3. Committee continuity — each record's committee is validated against the previous record's next_committee field. This ensures that committee transitions follow the on-chain governance decisions made during the epoch. The validation tolerates validator dropouts between epochs (requires at least 2/3 overlap and a minimum of 4 committee members).

4. Super-quorum threshold (2/3 + 1) — the standard BFT safety bound. Up to 1/3 of the committee can be Byzantine (malicious or offline) without compromising the validity of epoch records. A valid certificate proves that at least 2/3 + 1 honest validators agreed on the record's contents.

5. Deterministic record content — all nodes produce identical epoch records from the same inputs. There is no ambiguity about what an epoch record should contain for a given epoch. A valid super-quorum certificate therefore proves that the committee reached agreement on a single, deterministic record.

Attack Surfaces and Mitigations

Execution-Agnostic Consensus

The consensus layer has no dependency on EVM or any specific execution environment:

• Raw bytes — transactions are stored and ordered as opaque byte arrays (Vec<Vec<u8>>). Consensus does not parse, validate, or interpret transaction contents.

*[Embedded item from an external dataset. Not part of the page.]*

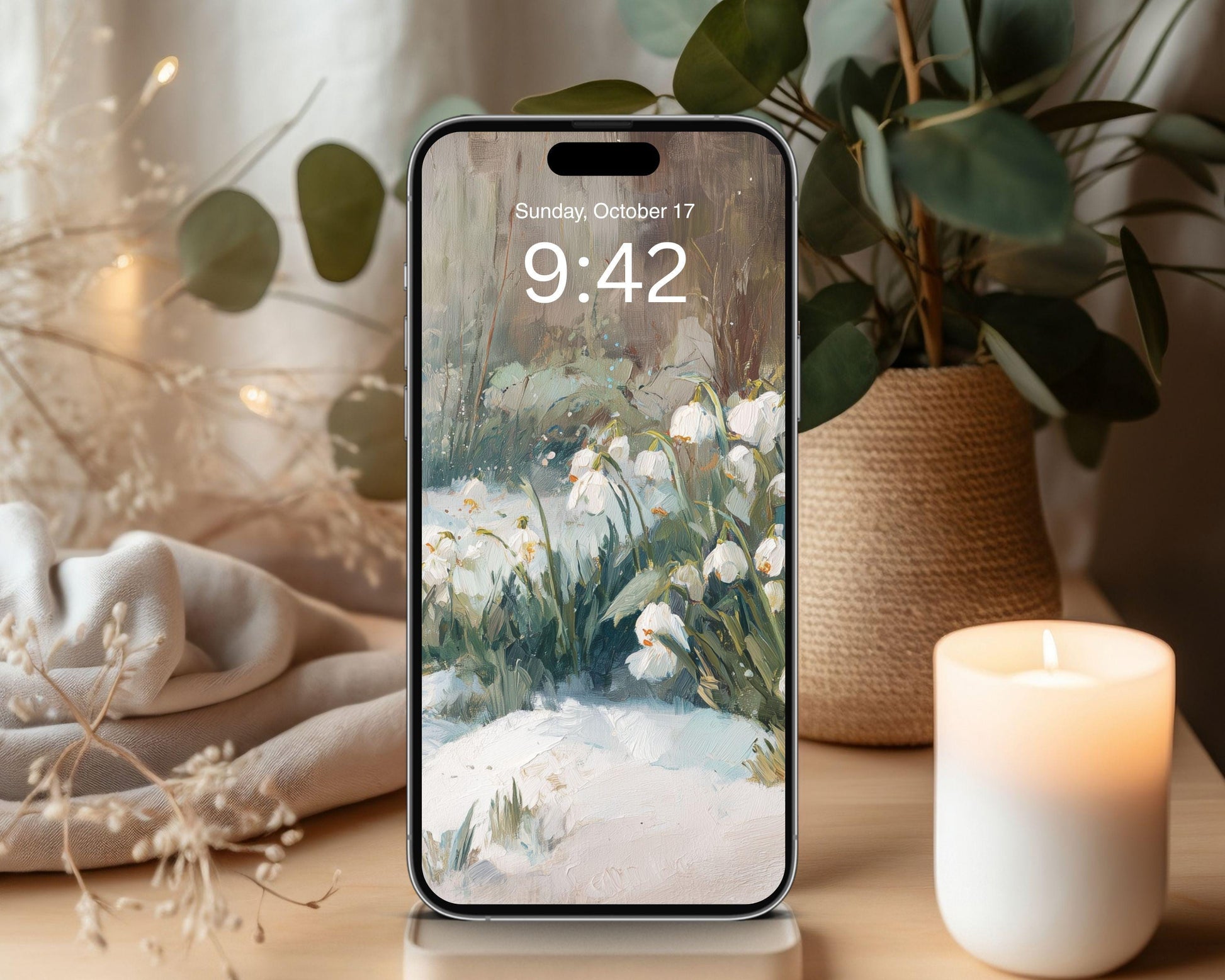 Snow Drops Phone Wallpaper, Winter Garden iPhone Wallpaper, Floral Samsung Galaxy Phone Background, Vintage Style Flowers | WP162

• No gas awareness — consensus orders transactions before gas costs are known. The gas limit penalty mechanism (see Gas Limit Penalty) exists specifically because consensus cannot know actual gas usage at ordering time.

• Cryptographic verification only — ConsensusHeaders can be validated using only BLS signature verification and hash checks, without executing any transactions.

This design means the consensus protocol could support alternative execution environments (e.g., a WASM VM or a ZK execution layer) by changing only the execution engine, not the consensus layer.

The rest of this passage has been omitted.